Exercise description: In the copy, include exactly the lines from the one with "Ferienhaus Nordjuetland Daenemark" through the end of the data and no others, both ends kept, with every picture left out.

Entries supplied:
====

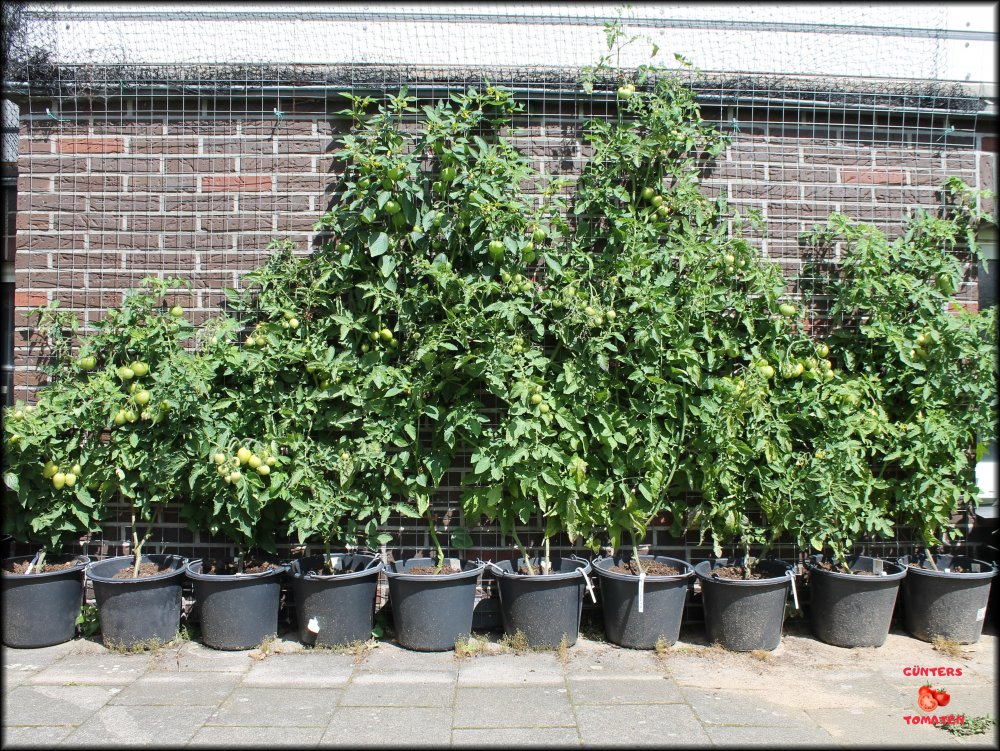 Tomatenwand 08072024.JPG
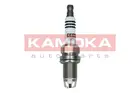 Ignition plug 7100504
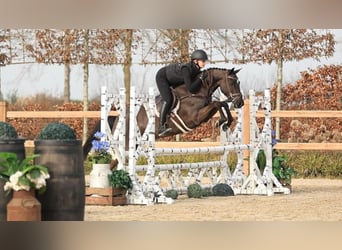 Poni New Forest, Yegua, 5 años, 145 cm, Negro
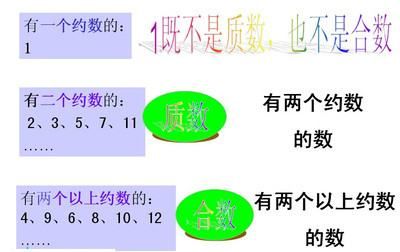 质数和合数,质数和合数是什么图4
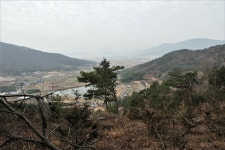 고흥지맥 1구간(고흥지맥 분기점=＞천봉산=＞당골(당치)고개)... 총동문회 고흥지맥 1구간(고흥지맥 분기점=＞천봉산=＞당골(당치)고개)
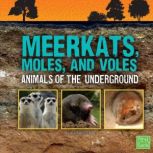 Meerkats, Moles, and Voles, Jody Rake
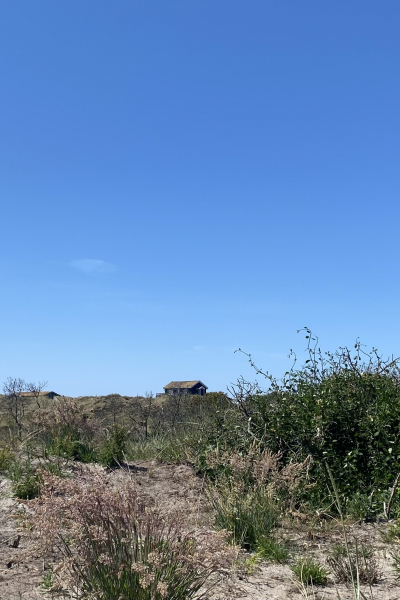 Ferienhaus Nordjuetland Daenemark Design Landfolk Katbakken 6D 9900 Skagen (31 of 151) decohome.deIMG 1716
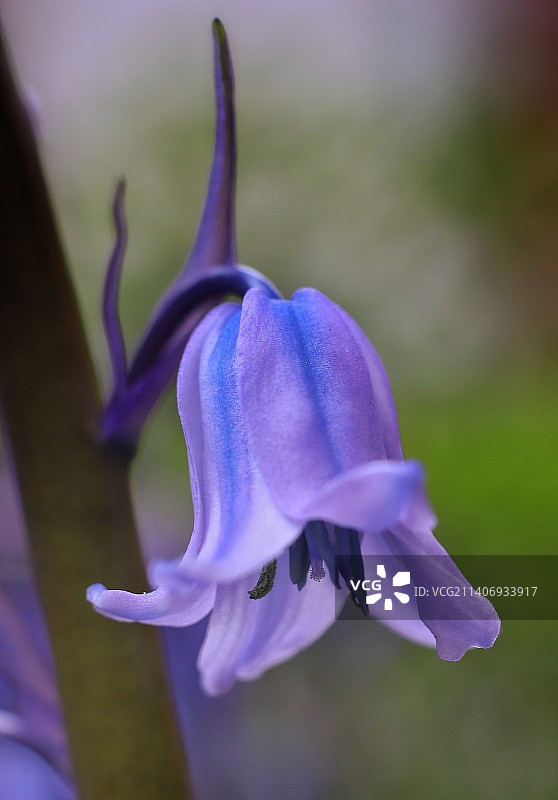 紫色开花植物的特写图片素材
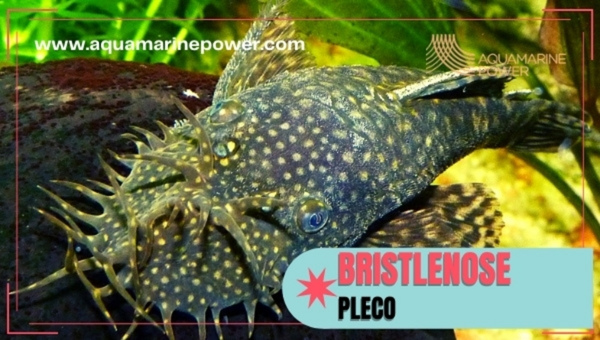 Bristlenose Pleco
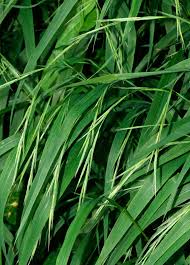 Image result for Enteropogon monostachyos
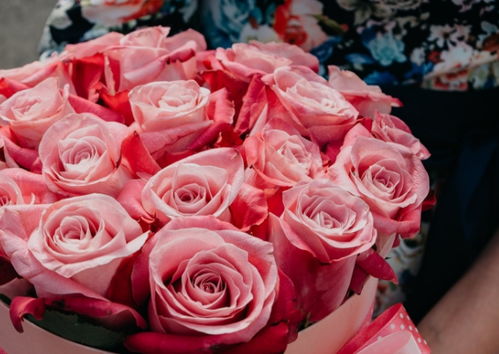 求婚用什么花最好,求婚用手捧花还是束花？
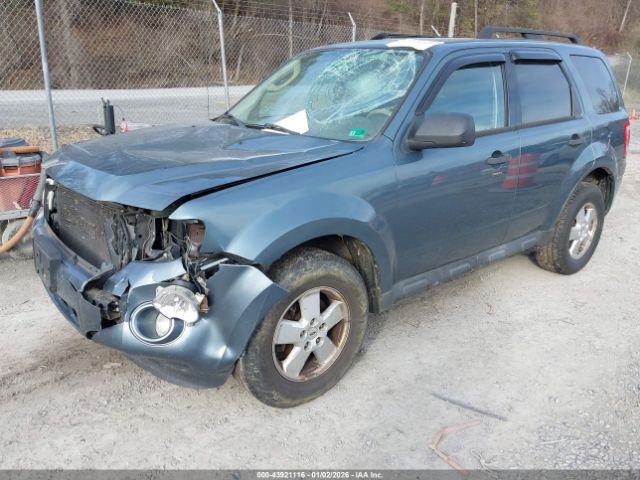 Ford Escape Xlt Image 2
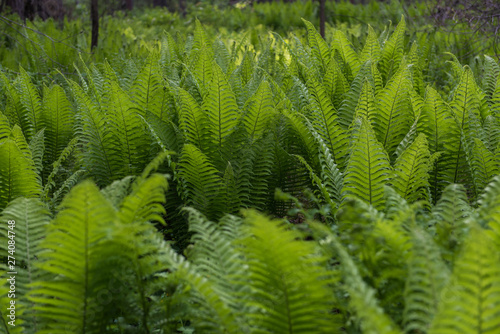 Green ferns plant in the fo...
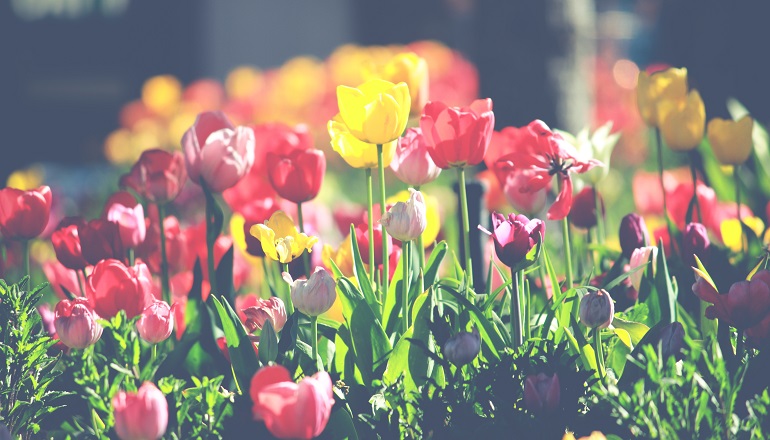 A flower garden of tulips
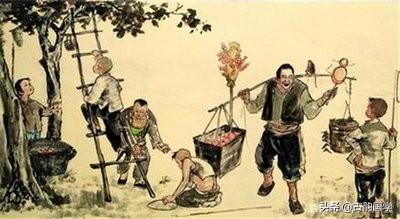 瓜果谚语，有关西瓜的谚语（农村谚语1000则<下>）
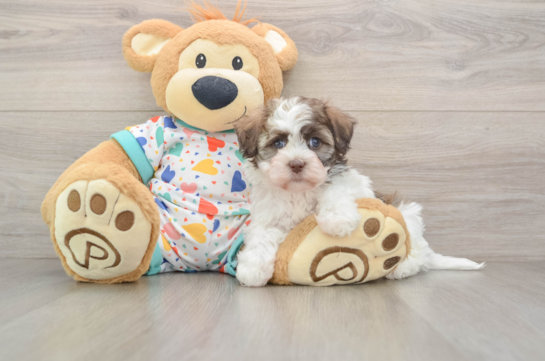 Havanese Puppy for Adoption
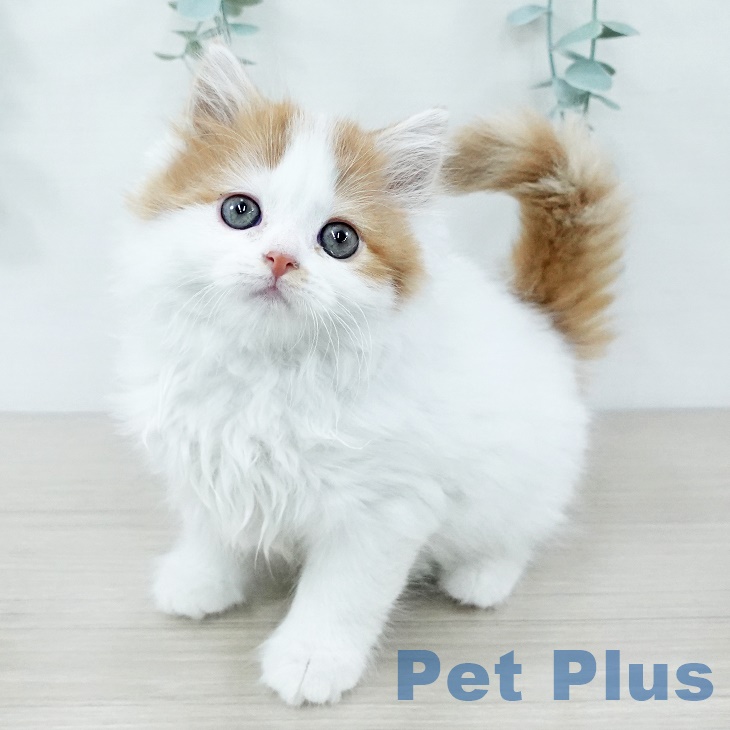 スコティッシュフォールド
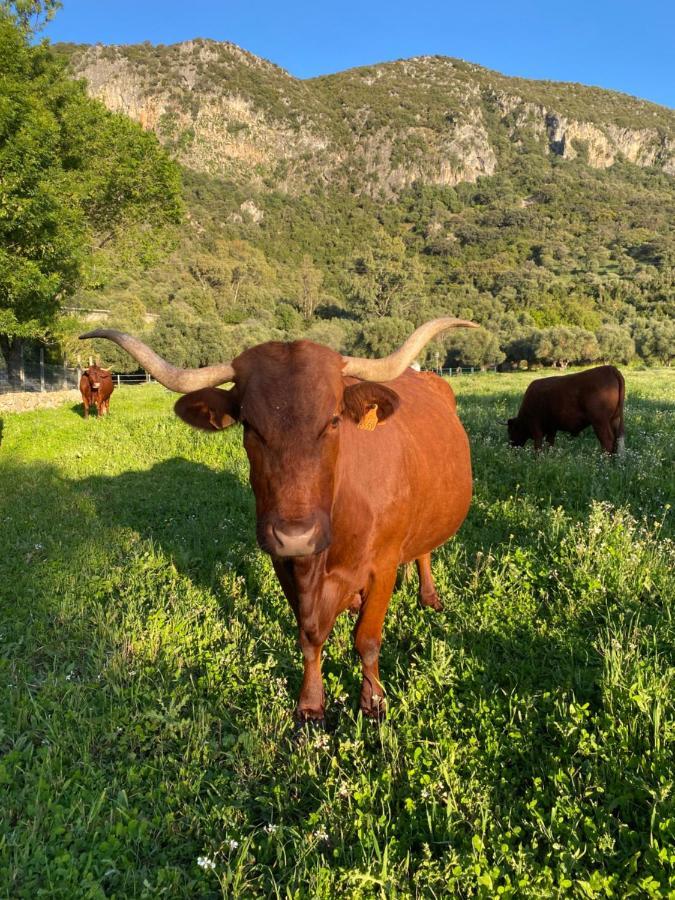 Casa Rural El Vihuelo El Bosque Kültér fotó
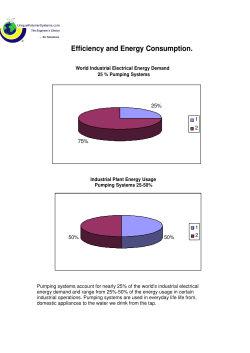 Pump Efficiency Report - Unique Polymer Systems
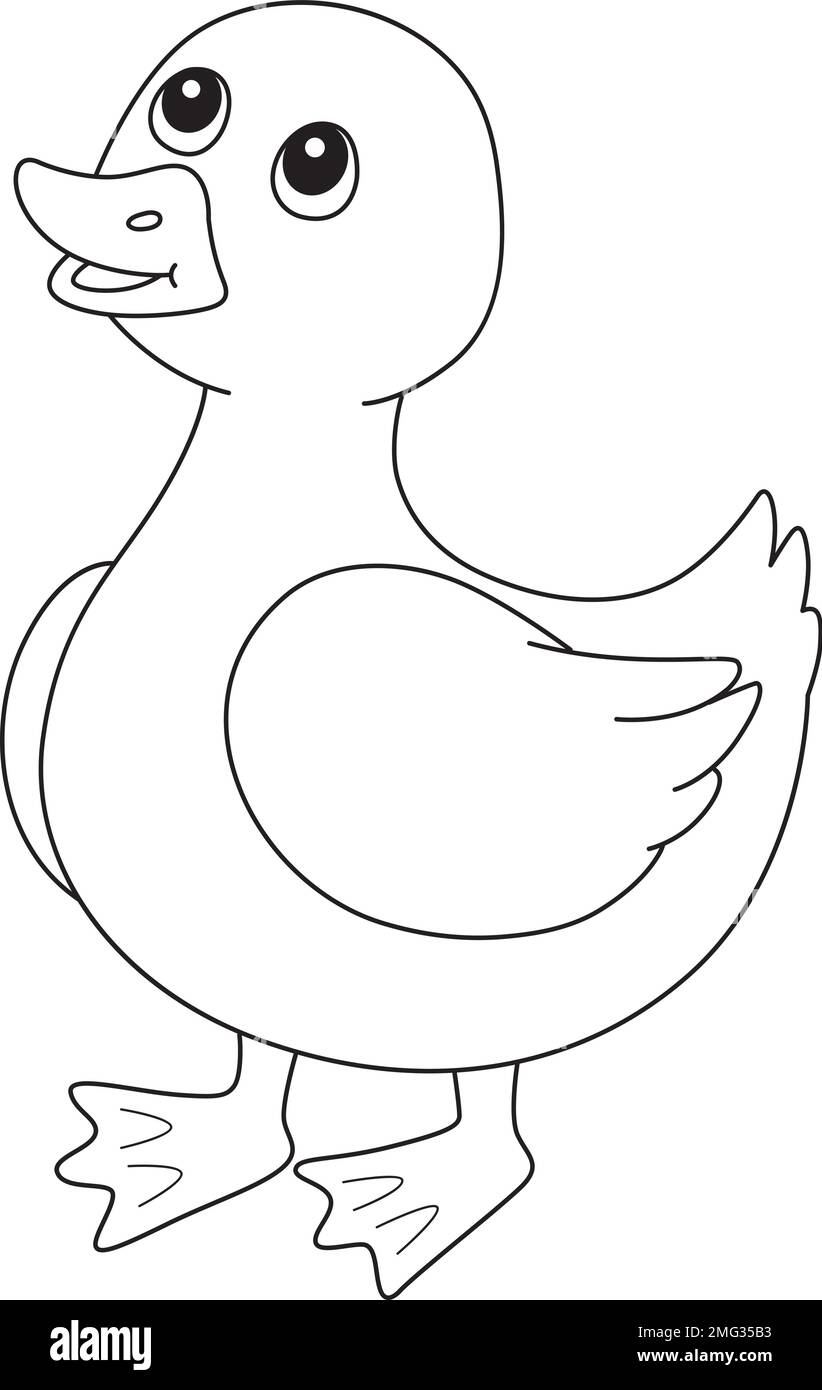 Primavera Duckling isolato colorazione pagina per bambini Illustrazione Vettoriale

====

Output of the exercise:
 Ferienhaus Nordjuetland Daenemark Design Landfolk Katbakken 6D 9900 Skagen (31 of 151) decohome.deIMG 1716
 紫色开花植物的特写图片素材
 Bristlenose Pleco
 Image result for Enteropogon monostachyos
 求婚用什么花最好,求婚用手捧花还是束花？
 Ford Escape Xlt Image 2
 Green ferns plant in the fo...
 A flower garden of tulips
 瓜果谚语，有关西瓜的谚语（农村谚语1000则<下>）
 Havanese Puppy for Adoption
 スコティッシュフォールド
 Casa Rural El Vihuelo El Bosque Kültér fotó
 Pump Efficiency Report - Unique Polymer Systems
 Primavera Duckling isolato colorazione pagina per bambini Illustrazione Vettoriale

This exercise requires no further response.